» Required action
What you return must match the listing word for word.

» Source data
╔══
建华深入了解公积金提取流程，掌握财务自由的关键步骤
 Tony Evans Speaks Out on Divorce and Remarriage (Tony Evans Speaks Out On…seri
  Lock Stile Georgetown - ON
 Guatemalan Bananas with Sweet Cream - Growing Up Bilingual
╚══
» Written answer
建华深入了解公积金提取流程，掌握财务自由的关键步骤
 Tony Evans Speaks Out on Divorce and Remarriage (Tony Evans Speaks Out On…seri
  Lock Stile Georgetown - ON
 Guatemalan Bananas with Sweet Cream - Growing Up Bilingual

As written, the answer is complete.